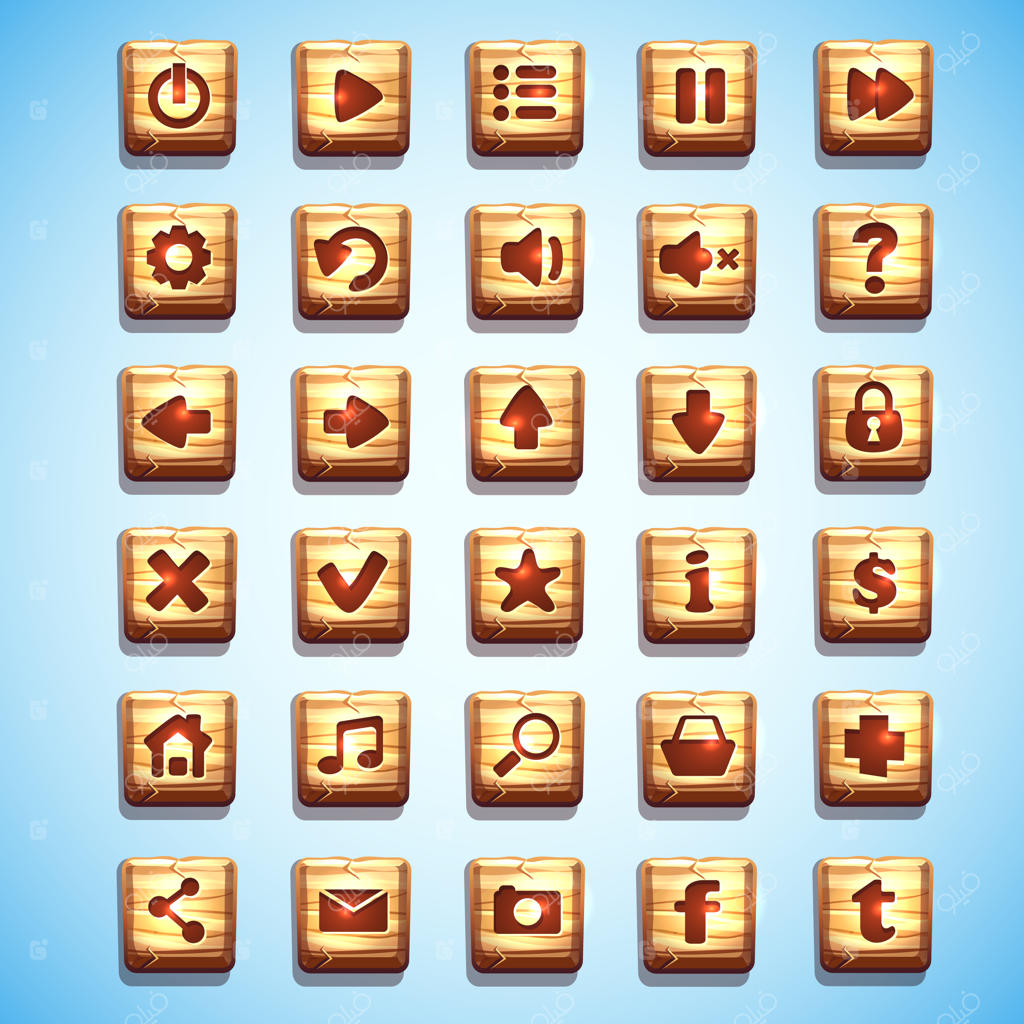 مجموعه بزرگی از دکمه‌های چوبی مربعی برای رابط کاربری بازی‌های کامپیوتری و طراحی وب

----------------------------------------

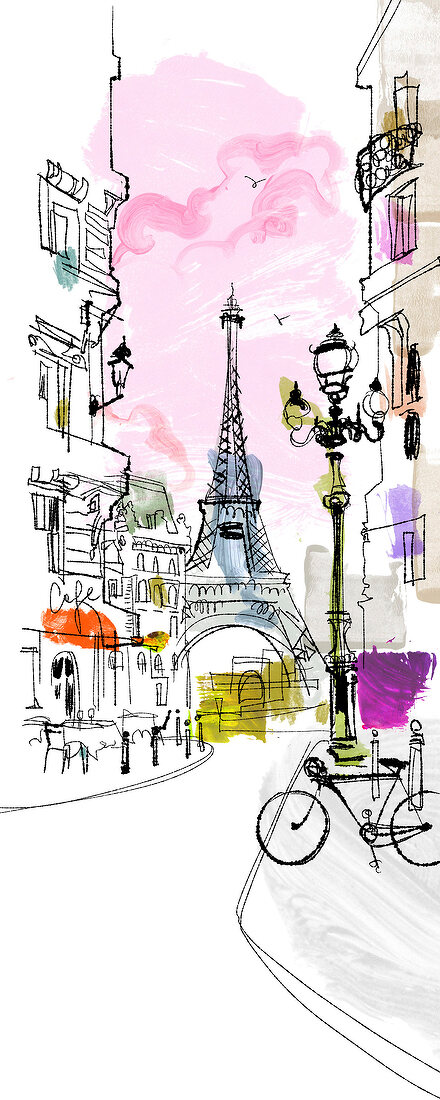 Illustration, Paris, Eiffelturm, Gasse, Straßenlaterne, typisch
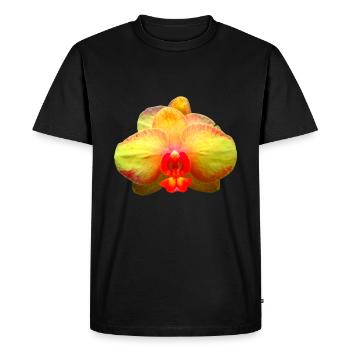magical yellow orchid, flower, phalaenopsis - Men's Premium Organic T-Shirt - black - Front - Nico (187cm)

----------------------------------------

When you reach the line that has "Illustration, Paris, Eiffelturm, Gasse, Straßenlaterne, typisch" in the data above, start repeating lines exactly, and stop after the line that has "magical yellow orchid, flower, phalaenopsis"; pictures stay out.

*Exercise response*:
 Illustration, Paris, Eiffelturm, Gasse, Straßenlaterne, typisch
magical yellow orchid, flower, phalaenopsis - Men's Premium Organic T-Shirt - black - Front - Nico (187cm)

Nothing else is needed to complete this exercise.